Charles leaned his head back onto the man's shoulder and peered up into his face, searching for a clue; for some sign that Erik suspected him. Perhaps there was anger in the way he read, or maybe the hand he held against the telepath's stomach was heavy with regret as well as bone and blood.
Erik paused, looking away from his book and down at Charles; they were very close. From that angle, Charles could see up beneath the beak of the helmet, and so he knew when the frown lines between Erik's eyebrows eased into something softer. Those were not the eyebrows of a paranoid man. But…
"Is something wrong?" Erik murmured, and Charles blinked, slow and thoughtful. Against his stomach, the other man's hand flexed absently, drawing dunes through his shirt.
Charles shook his head wordlessly and lowered his chin, looking away, but Erik folded the book over a few of his fingers and brought his hand up to touch the hair on Charles' forehead; the cover of Heart of Darkness brushed over his nose and momentarily narrowed the geneticist's world down to the fussing of Erik's fingers, now twining some of those brown strands between their tips.

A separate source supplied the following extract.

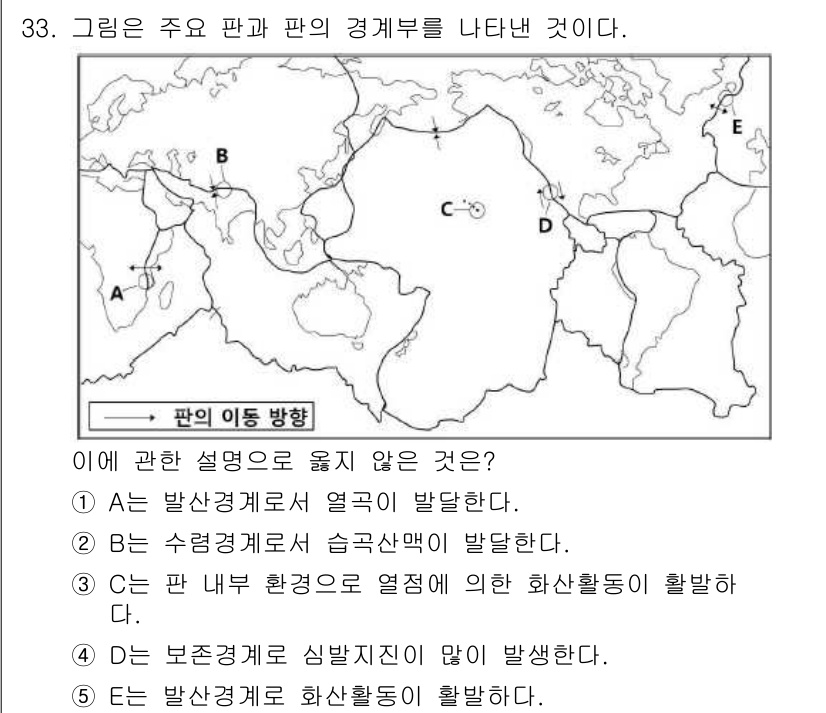 변리사_1차(3교시) 2018년 33번 - 판의 이동 방향에 따른 변형 과정에서 보존 경계나 심비지 지대가 발생하지... 에 관한 핵심 기출문제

"You let them cut too much off," Erik stated, and Charles turned his face out from beneath the book to stutter his lips into a smile.
"Do you think I had any control? I'm lucky to have escaped with my head, let alone my hair." Charles raised his hand to rub against his scalp, still surprised by how easy that had become. It was not so terribly short after all, except in comparison to the lengths he'd allowed it in the past weeks, but the extra few centimeters had made their impression.

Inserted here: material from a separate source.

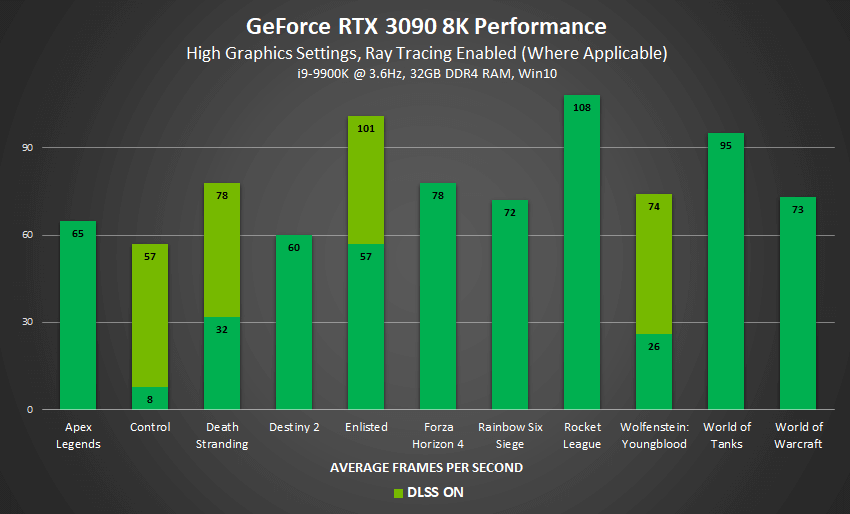 Rtx-3090-8k-gaming-benchmarks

Erik's fingertips brushed his for the briefest of instants, and then he set the book back down, open over his knee. He brought his other hand up from the Charles' body to set beneath the telepath's chin, tipping it up even as Erik ducked his head down and pressed his nose into Charles' temple, inhaling deeply.
Charles closed his eyes and held very still in Erik's grip, breathing slowly, lightly—as if there were someone else in the room whom he feared disturbing. Then, finally, Erik drew back slightly and, with a low humor in his voice, remarked, "You smell very… flowery."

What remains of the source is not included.